As soon as the line containing "5pc. Modular Sectional" appears in the material below, start returning lines exactly, and end with the line containing "Illustrative Electrical BOS".

Stored data →
--- START ---
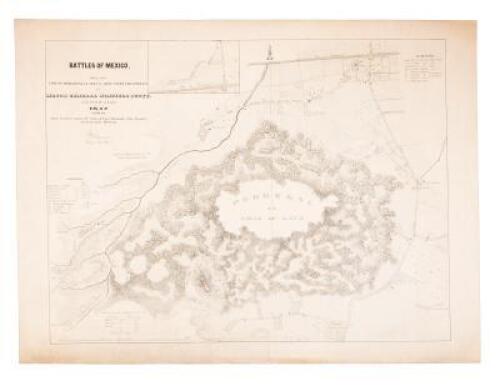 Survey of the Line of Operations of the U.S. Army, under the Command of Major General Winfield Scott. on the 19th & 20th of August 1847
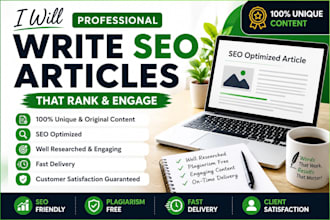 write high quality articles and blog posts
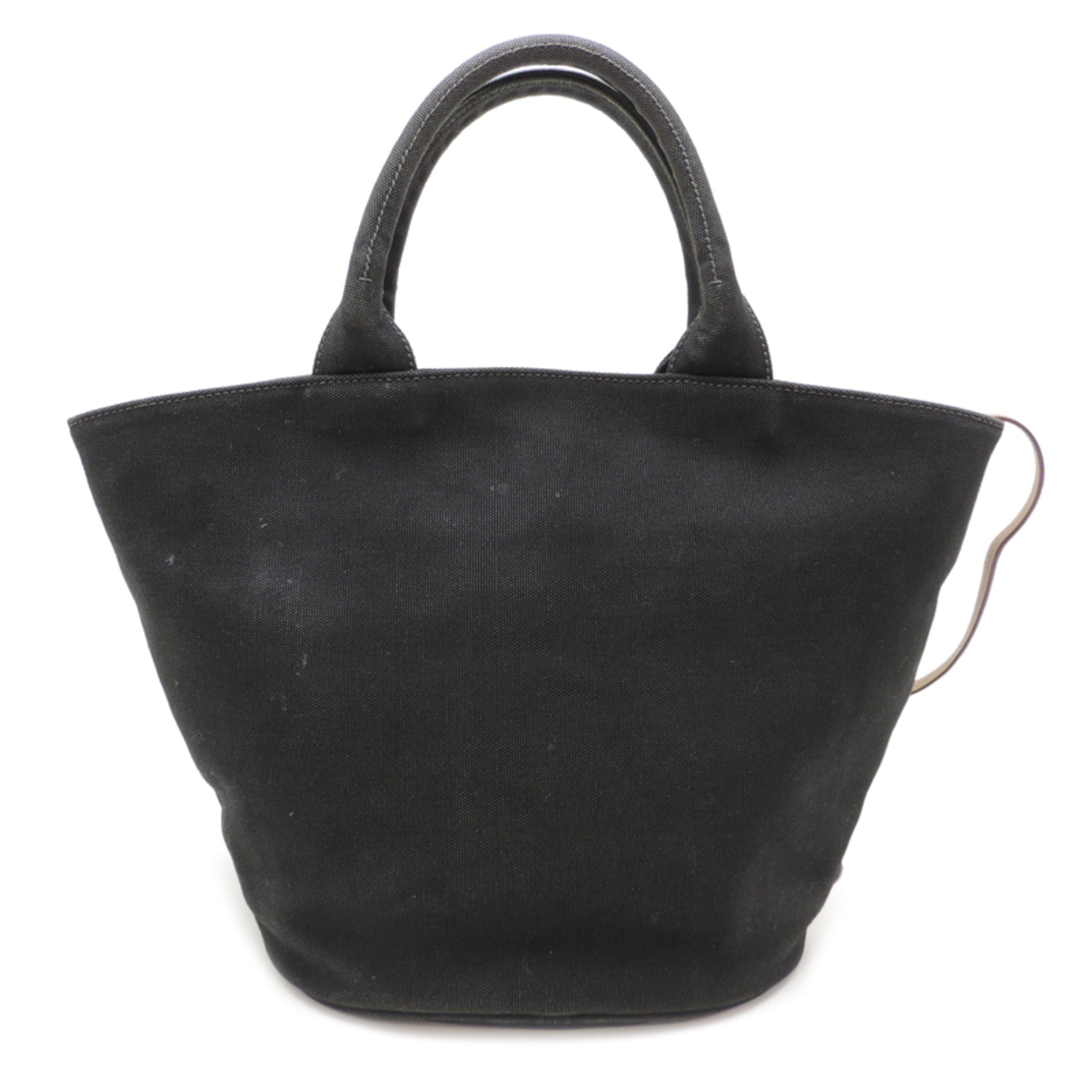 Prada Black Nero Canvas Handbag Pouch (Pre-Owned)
--- END ---
--- START ---
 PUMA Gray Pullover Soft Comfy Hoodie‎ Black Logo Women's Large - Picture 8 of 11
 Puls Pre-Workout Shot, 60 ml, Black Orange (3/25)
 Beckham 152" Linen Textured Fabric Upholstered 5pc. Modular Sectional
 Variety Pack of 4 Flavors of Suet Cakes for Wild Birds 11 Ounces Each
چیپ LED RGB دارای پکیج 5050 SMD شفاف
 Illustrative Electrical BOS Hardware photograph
--- END ---
Answer to this exercise →
 Beckham 152" Linen Textured Fabric Upholstered 5pc. Modular Sectional
 Variety Pack of 4 Flavors of Suet Cakes for Wild Birds 11 Ounces Each
چیپ LED RGB دارای پکیج 5050 SMD شفاف
 Illustrative Electrical BOS Hardware photograph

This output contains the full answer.